Many years ago, on a lunchtime in the late seventies, we all trouped down from Manchester Polytechnic (Oh How that word dates me!) to the Garrick theatre in London to do our agents showcase. Afterwards we mingled hesitantly in the bar, under strict instructions to let the agents get to the food first! As if they don’t eat! No one approached me, and I didn’t get signed.

A few weeks later we did the same showcase in the rehearsal room of the Royal Exchange Theatre Manchester for a small batch of Northern agents and the directors of the theatre. A week later I still had no agent, but I had a five month contract with the Royal Exchange in my hand starting three weeks after I left drama school.

Five years later, and an awful lots of jobs later, I got an agent.
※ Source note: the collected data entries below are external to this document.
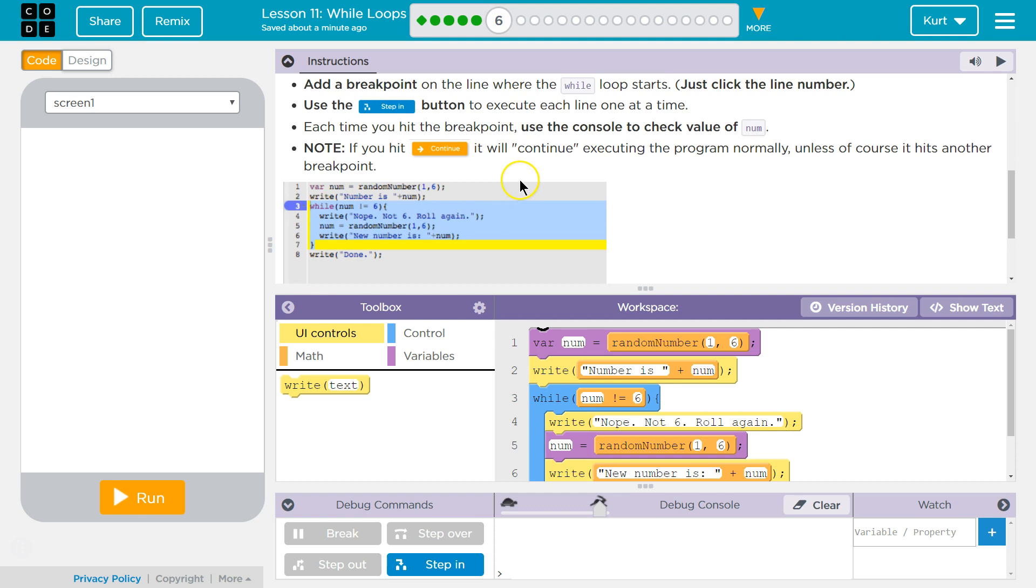Do this: Add a breakpoint on the line where the while loop starts. Just click the line number. Use the Step button to execute each line one at a time.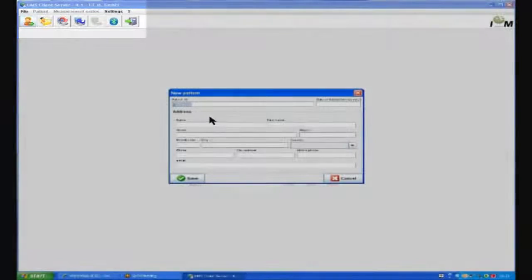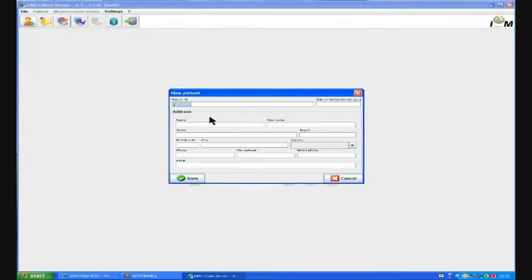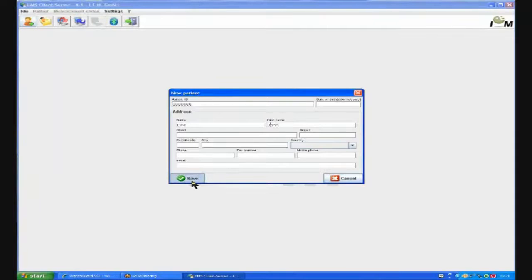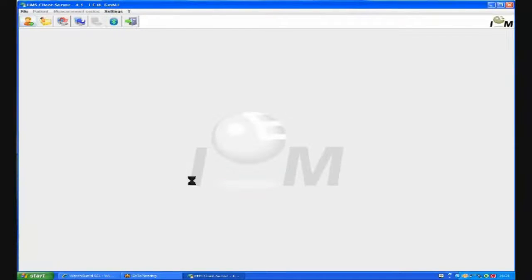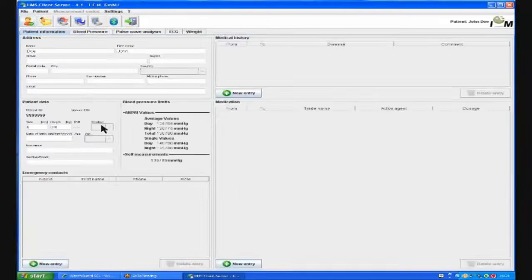If this is for a new patient, we need to press the first icon. We can place a unique identifier such as the NHS number. We can then put in the surname followed by the first name. These are the only mandatory fields. Then press save.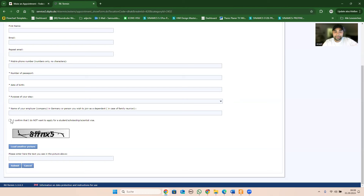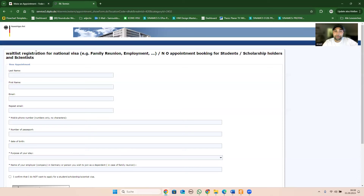I do not want to apply for student scholarship or science visa. I do not want to apply for student scholarship. I love this.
Things are a little different now, but it still merits to put thoughts of the acting first and the agent second. And what of choosing material for the showcase. That award-winning-knock-em-dead-in-the-aisles speech that will have directors and agents alike clamouring for you?

It's so easy when preparing for a showcase to forget the one element that undoubtedly will win over the people you're auditioning for. Entertain them. Engage them.
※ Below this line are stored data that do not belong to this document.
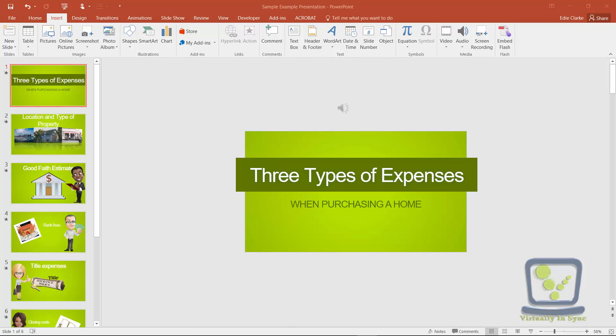Hey guys, this is Edie from Virtually in Sync with another video VA tip. I just noticed this recently on the new 2016 version of Microsoft PowerPoint and I was curious if anybody else was aware of this really cool new feature that PowerPoint now offers.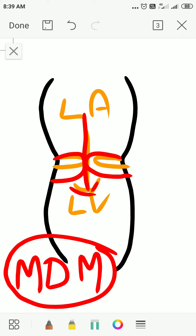There are nearly 10 causes for mid-diastolic murmur apart from mitral stenosis, and one such cause is Carey Coombs Murmur — C-A-R-E-Y Carey, C-O-O-M-B-S Coombs Murmur.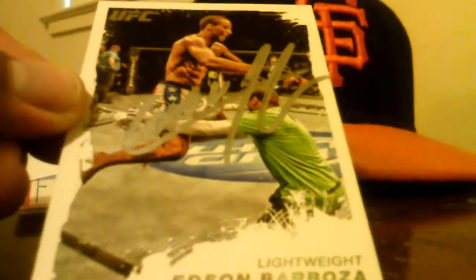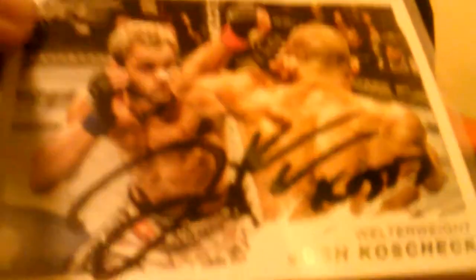A moment of truth. Nate Diaz signed in silver. And to me, one of the harder guys to get, Josh Koscheck.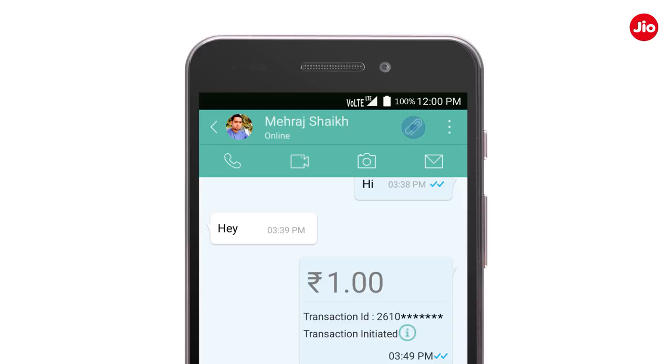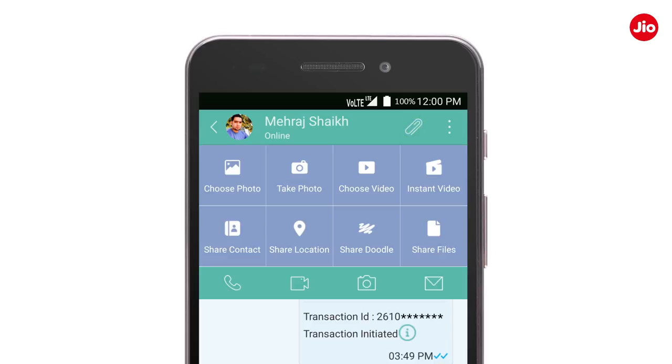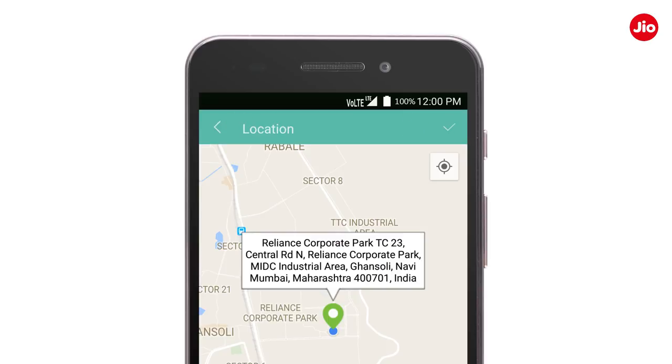Next, tap on the attachment icon and share location. Once the location appears on the phone screen, tap on the send option.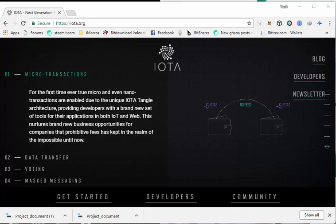The internet of things is a network of physical devices, vehicles, home appliances and other items embedded with electronics, software, sensors, actuators and network connectivity which enables these objects to connect and exchange data. Now that we know what IOTA is and what it does, let's move on to how to set up the IOTA wallet, I mean the light wallet.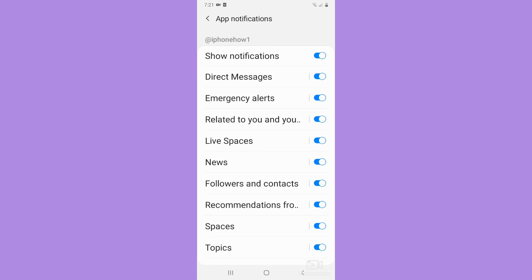So that's it. That's how you can edit Twitter notification sound on Android.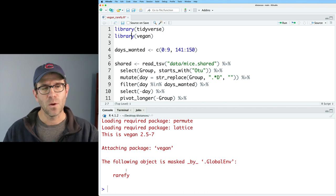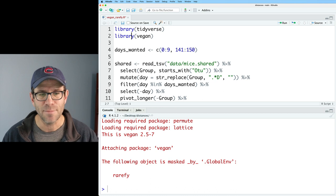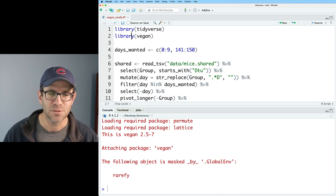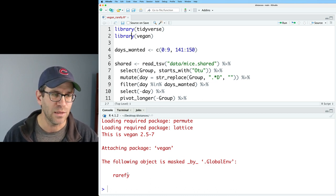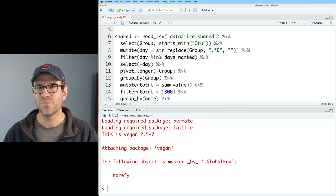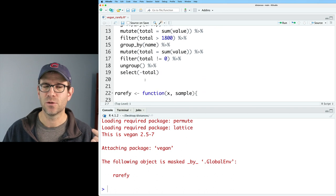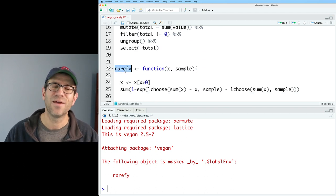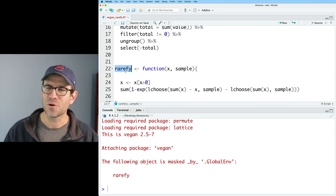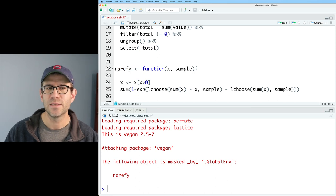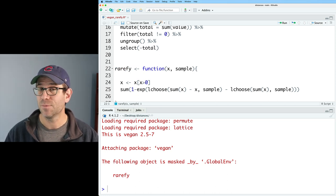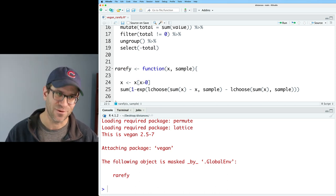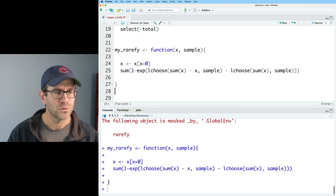Now, one of the things that we see when we do this is that the following object is masked by .globalenv because vegan has a function called rarefy and I have a function called rarefy. So what I'm going to do is I'm going to rename rarefy to be my_rarefy. So we'll do that.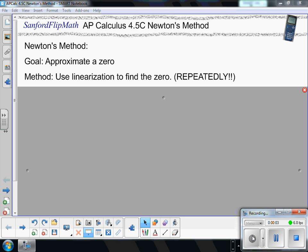Welcome to Sanford FlipMath. This is AP Calculus. We are working through the Finney-Demana-Waits-Kennedy Calculus book in the middle of Chapter 4, and we're just going to do a quick video on Newton's method. Just a quick disclaimer: a couple of the examples will be coming directly from the book.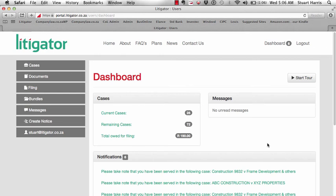In this video I'm going to demonstrate how to create a perfectly indexed and paginated pleadings bundle in under a minute.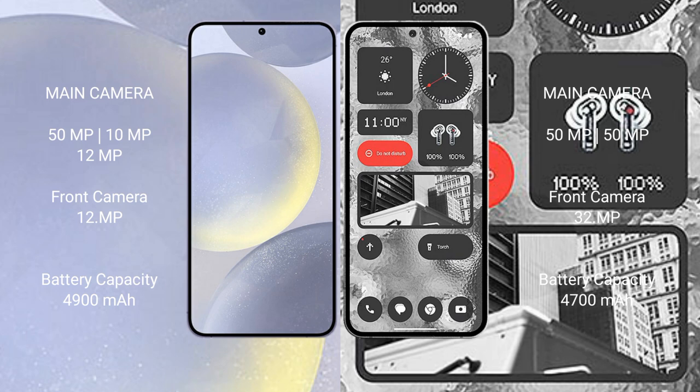Samsung Galaxy S24 Plus has a 4900mAh battery with 45W fast charging support, while Nothing Phone 2 has a 4700mAh battery also with 45W fast charging support.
 So often people pick an audition speech because they think that the material will "show off"  their acting. But, of course, we never really notice great acting. When we are in the presence of it in the theatre, we aren't thinking "That's great acting". We are just totally caught up in the story. At the end of the evening we may realise that we've seen a remarkable piece of performance. But rarely at the time.

So often audition pieces are chosen because the actor feels that they allow them to run the whole gamut of emotions from A to B. They can tear their heart out, and rent their spleen about how their cat was abused in kitten hood by next-door's milkman, or some other sensational topic.

For the people sitting on the other side of the table, for whom this is the fourth example of pet/dairy abuse they've had to listen to that day, it's hardly likely that they will be endeared to you from the use of this material. So often the big emotional speeches from plays are at a point that the audience has had to reach during the previous 90 minutes of performance. It's impossible to access them straight away, and feel their true emotional power in a two-minute splurge.

 Material that shows a little humanity, and that raises a smile from the people who are listening is usually just so much more effective. It allows them to see you being a real person, someone they might work with.

The people behind the table are willing you to be right for whatever it is they're casting. Remember, until you open the door and go into the room, you have the job! If they, or the casting director, have done the job correctly, you should be suitable for the role, and what they want to see is who you are.

This can be difficult. It touches on who you are as a person, and it can take years to become comfortable with that. I know that throughout my 20's I went into auditions thinking 

"I'm an actor  - what would you like me to be?". 

As a result I probably came across as nothing in particular, bland and unmemorable.Now I'm perfectly happy to go into an audition room  thinking; 

"This is me. This is Paul Clayton. This is what I am."

 If I don't get the job it's not because I'm not good. It's because I'm not right. And there's a big difference.

There are excellent resources  out there such as The Mono Box, to help you find that speech that suits you as well as innumerable audition speech anthologies. Keep your eye out for something that makes you smile. You could even go further. Something that makes you laugh. There's comedy in "Hamlet" remember.  It so much easier to see your humanity through a smile.

The pressures of being part of a showcase will no doubt impede on you. You may have been given your piece and had no choice in it. If so, question the person who gave it you as to what they think it brings out in you particularly and why they want you to do it. They are trying to create a show. It would be slightly imbalanced if all twenty-one pieces in a drama school showcase were enormously amusing. Imbalanced, but fun. I’d go to that one!


You are the best you there is. Just make sure that your material shows that.